Start of RECORDED DATA
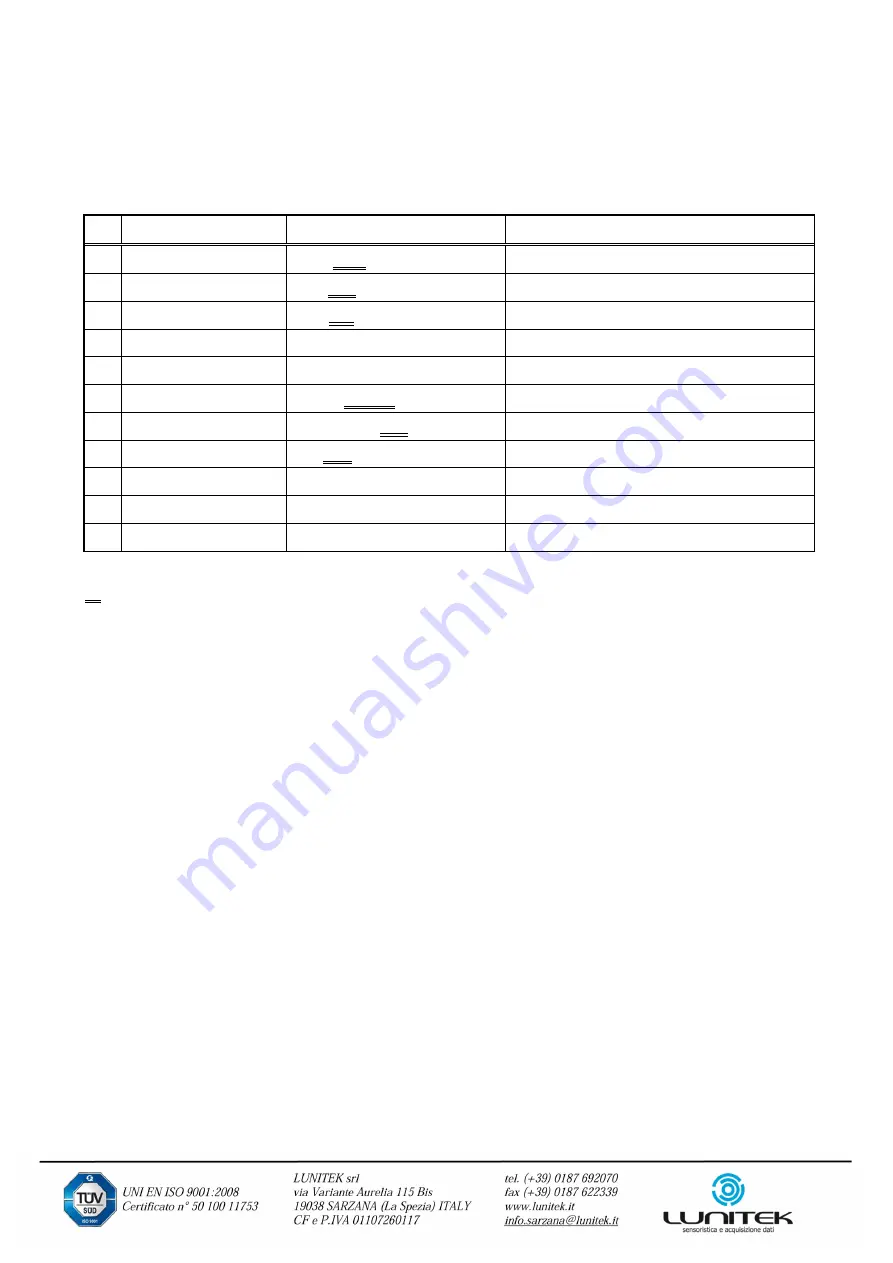 Teac CA-20 Instruction Manual Download Page 9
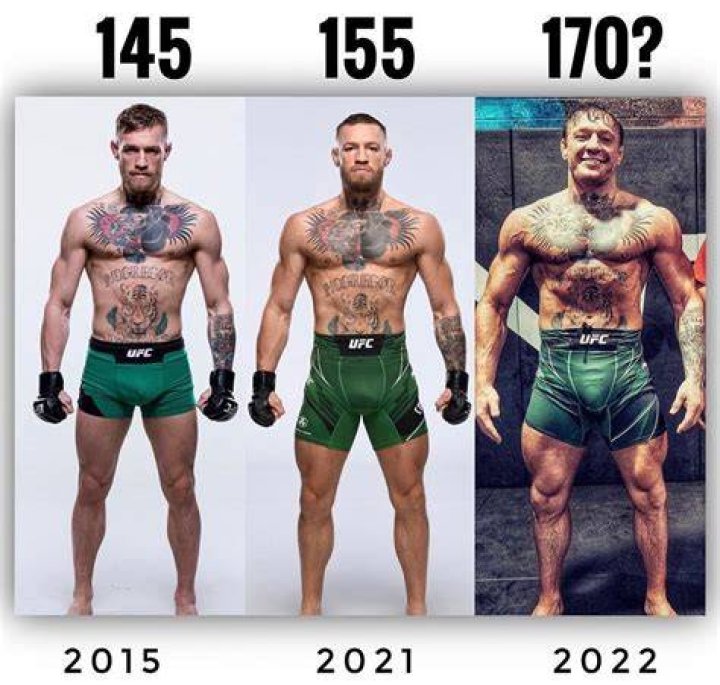 Conor McGregor Wiki, Age, Height, Weight, Net Worth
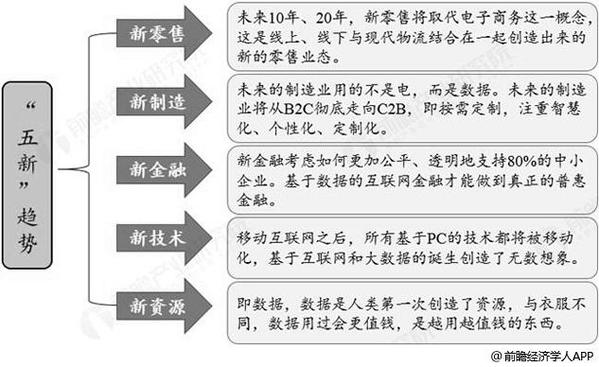 2019年中国新零售行业市场现状及发展趋势分析技术创新推动数字化变革大势所趋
End of RECORDED DATA
Omit the pictures. Repeat the rest of the data exactly.

▶ **WRITTEN ANSWER**:
 Teac CA-20 Instruction Manual Download Page 9
 Conor McGregor Wiki, Age, Height, Weight, Net Worth
 2019年中国新零售行业市场现状及发展趋势分析技术创新推动数字化变革大势所趋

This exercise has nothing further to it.